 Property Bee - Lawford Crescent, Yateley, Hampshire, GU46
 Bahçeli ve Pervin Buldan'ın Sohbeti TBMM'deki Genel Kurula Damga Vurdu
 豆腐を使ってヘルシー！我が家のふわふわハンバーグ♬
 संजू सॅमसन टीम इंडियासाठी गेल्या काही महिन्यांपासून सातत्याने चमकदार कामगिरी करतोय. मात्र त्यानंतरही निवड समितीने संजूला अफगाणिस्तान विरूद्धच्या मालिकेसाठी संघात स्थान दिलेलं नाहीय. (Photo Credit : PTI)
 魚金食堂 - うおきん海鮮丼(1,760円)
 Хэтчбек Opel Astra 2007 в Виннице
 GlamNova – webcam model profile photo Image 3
==
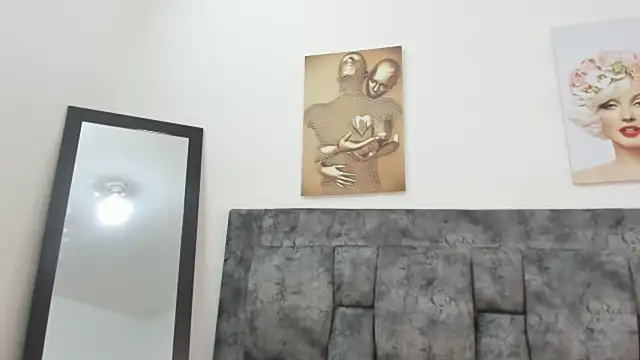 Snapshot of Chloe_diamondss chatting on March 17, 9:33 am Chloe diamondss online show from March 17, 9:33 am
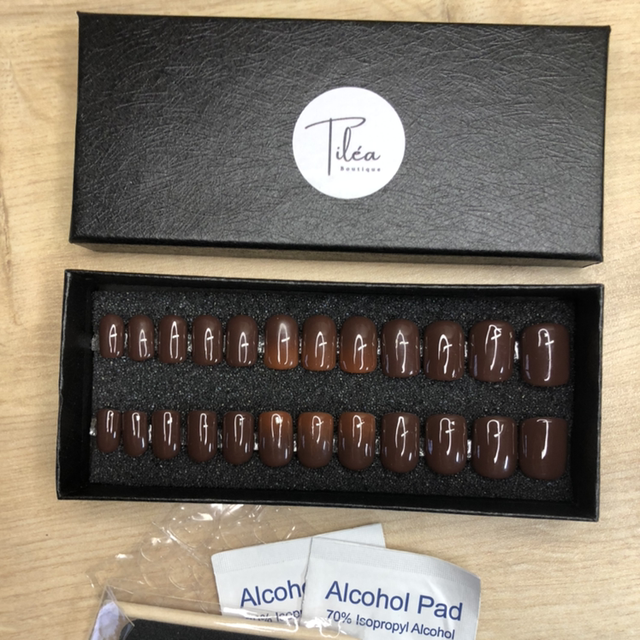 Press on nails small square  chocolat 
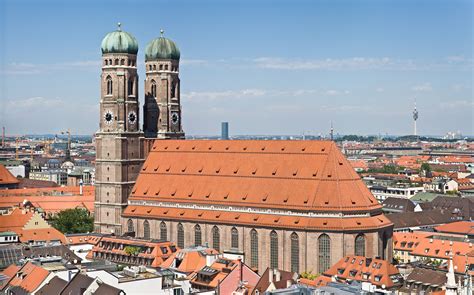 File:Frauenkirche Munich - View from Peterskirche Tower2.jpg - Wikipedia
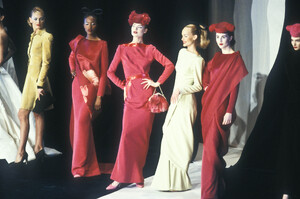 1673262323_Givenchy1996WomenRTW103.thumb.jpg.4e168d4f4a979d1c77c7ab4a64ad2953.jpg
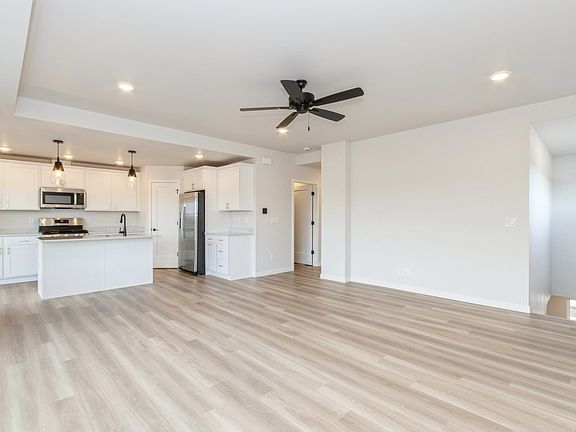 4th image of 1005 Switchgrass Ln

● Prompt
Look through the data above and return exactly the lines from the one that contains "豆腐を使ってヘルシー！我が家のふわふわハンバーグ♬" to the one that contains "GlamNova – webcam", inclusive, with nothing else.

● Solution to this exercise
 豆腐を使ってヘルシー！我が家のふわふわハンバーグ♬
 संजू सॅमसन टीम इंडियासाठी गेल्या काही महिन्यांपासून सातत्याने चमकदार कामगिरी करतोय. मात्र त्यानंतरही निवड समितीने संजूला अफगाणिस्तान विरूद्धच्या मालिकेसाठी संघात स्थान दिलेलं नाहीय. (Photo Credit : PTI)
 魚金食堂 - うおきん海鮮丼(1,760円)
 Хэтчбек Opel Astra 2007 в Виннице
 GlamNova – webcam model profile photo Image 3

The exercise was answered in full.